Hace un par de años hice un viaje a las Tierras Altas de Escocia con mi novia. Al día siguiente de llegar a Inverness (capital de las Tierras Altas), domingo, caminábamos por una de las orillas del río Ness contemplando las diferentes iglesias, cada una de una rama distinta del cristianismo, y llegamos a la iglesia católica de Saint Mary justo a tiempo para entrar a misa.
Ha sido una de las misas que más me ha impresionado.
Lo primero que nos llamó la atención fue que, al entrar, nos entregaron libros para poder seguir las oraciones (el primer pensamiento fue que si se hiciera eso en España desaparecerían rápidamente todos los libros). La gente se sentaba en los bancos de forma ordenada, bien distribuida, sin formar corrillos ni nada parecido. En el momento en el que había que arrodillarse todo el mundo se arrodillaba. Nadie, absolutamente nadie, permanecía en pie. Se mantenía un perfecto silencio, sin cuchicheos de ninguna clase.

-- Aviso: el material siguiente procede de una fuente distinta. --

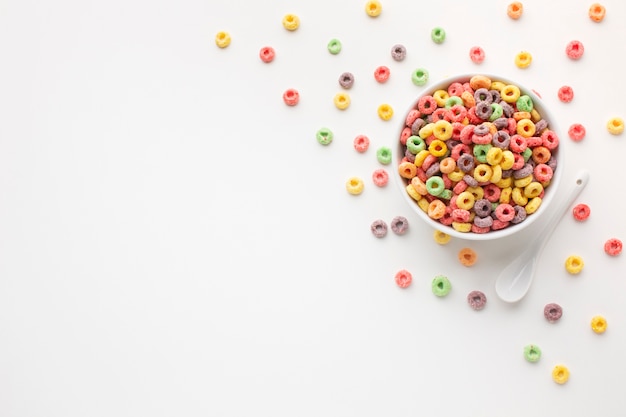 Top view colorful cereal bowl with copy space Free Photo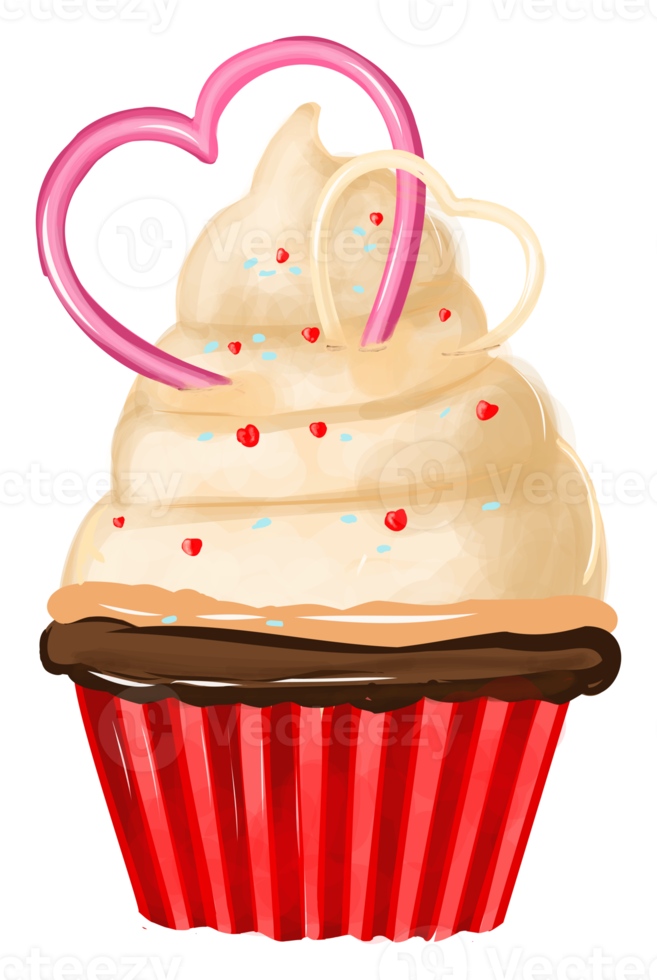 Cupcake with cream for valentine's day. Muffin with hearts and romantic decor. Happy valentines day. png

Muy importante también, a la hora de comulgar se iba saliendo de los bancos en orden (había una persona encargada de ir marcando a la gente de los diversos bancos cuándo debían ir saliendo) y volvían también en el mismo orden. Y nadie, absolutamente nadie, se iba antes de que terminaran los cánticos finales. Se devolvía el libro y se salía en silencio.
Debo reconocer que sentí una gran envidia al ver lo en serio que se tomaban el sacrificio pascual.

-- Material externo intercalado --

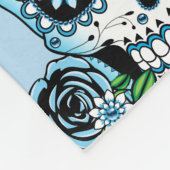 Blue Sugar Skull Fleecedecke (Ecke)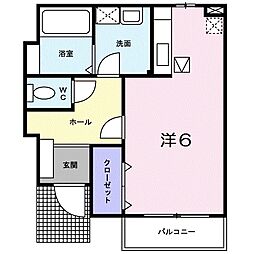 エクセランクール1 ワンルームの間取図画像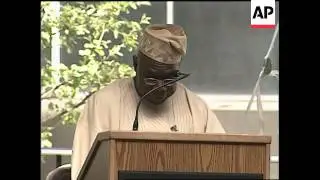 Nigerian president lays wreath at slave memorial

Aquí, vuelta a la “realidad”, parece que tenemos ganas de irnos de misa. Como si fuéramos obligados y quisiéramos que la tortura durara lo menos posible. En cuanto un sacerdote se alarga un poco en la homilía ya se empieza a quejar la gente de que se hace largo, ni siquiera le escuchan.

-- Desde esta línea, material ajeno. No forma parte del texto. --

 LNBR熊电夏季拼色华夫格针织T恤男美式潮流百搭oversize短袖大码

Se supone que la Eucaristía es el momento central del católico. El centro de su vida. Deberíamos ir a misa con una mezcla de amor, devoción y respeto que no debería terminar al acabar la celebración. Así pues, si nos quejamos de ir a misa y de su duración, mal vamos. Más aún cuando lo único que se nos exige es tres cuartos de hora de nuestro tiempo (muchas veces ni siquiera llega). Reconozcámoslo, a lo largo de la semana malgastamos mucho más tiempo en absolutas banalidades. Sin embargo, no protestamos por ese tiempo perdido, pero sí por el tiempo que pasamos en lo que es el motor de nuestra vida.
Evidentemente algo está fallando cuando a muchos católicos les cuesta tanto algo tan importante. Está claro que no se entiende lo que es la misa, y que tampoco se quiere entender, por supuesto sin malicia. Se busca cumplir con el rito dominical y continuar con el resto de las actividades diarias. Y claro, si ese rito se alarga nos quita tiempo de esas importantes actividades, tan importantes como ver la televisión, leer el periódico, etc. Cosas que está claro que están por encima de nuestro alimento espiritual.
Pienso que todos deberíamos recapacitar, unos para dilucidar si realmente tenemos cosas más importantes que hacer que recibir el cuerpo sacramentado de Cristo y otros para averiguar cómo se podría dar a entender a estas personas el sentido y la belleza de la misa. Hasta entonces, pienso que lo mínimo que se puede pedir es respeto, tanto para no cuchichear como por aquellos que elevan las oraciones cantadas al final de la celebración. Su esfuerzo merece que nos quedemos a escucharlos, aunque sus cantos no estén dirigidos a nosotros sino a Dios.